The whole listing should be retyped word for word, apart from the pictures it holds.

INFORMATION SHOWN below:

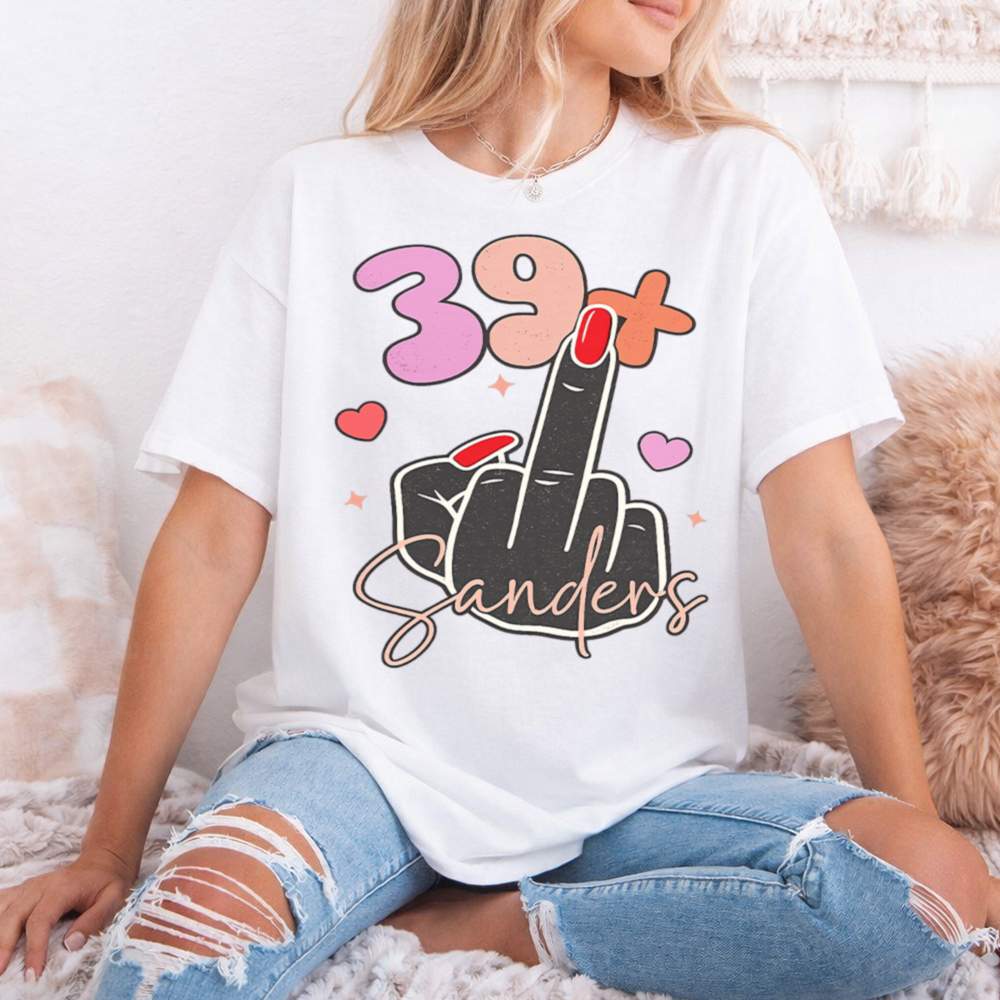 I Am 39 Middle Finger Shirt 4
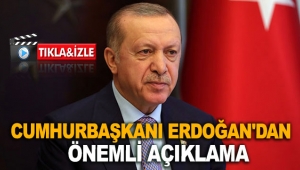 Cumhurbaşkanı Erdoğan'dan önemli açıklama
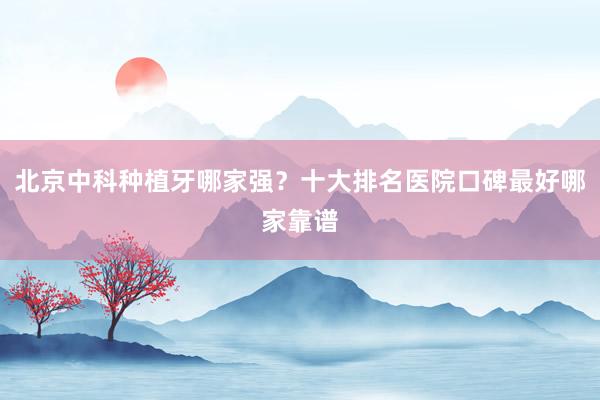 北京中科种植牙哪家强？十大排名医院口碑最好哪家靠谱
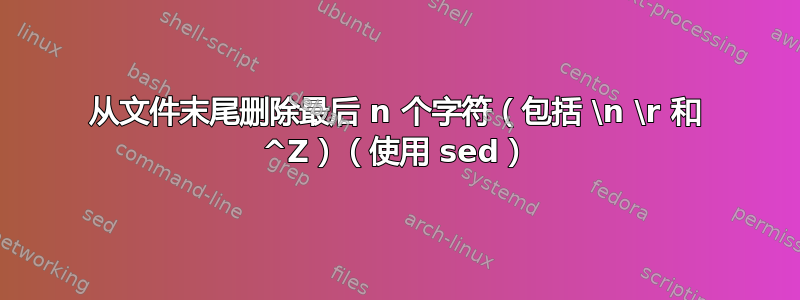 从文件末尾删除最后 n 个字符（包括 \n \r 和 ^Z）（使用 sed）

End of INFORMATION SHOWN.

**SOLUTION:**
 I Am 39 Middle Finger Shirt 4
 Cumhurbaşkanı Erdoğan'dan önemli açıklama
 北京中科种植牙哪家强？十大排名医院口碑最好哪家靠谱
 从文件末尾删除最后 n 个字符（包括 \n \r 和 ^Z）（使用 sed）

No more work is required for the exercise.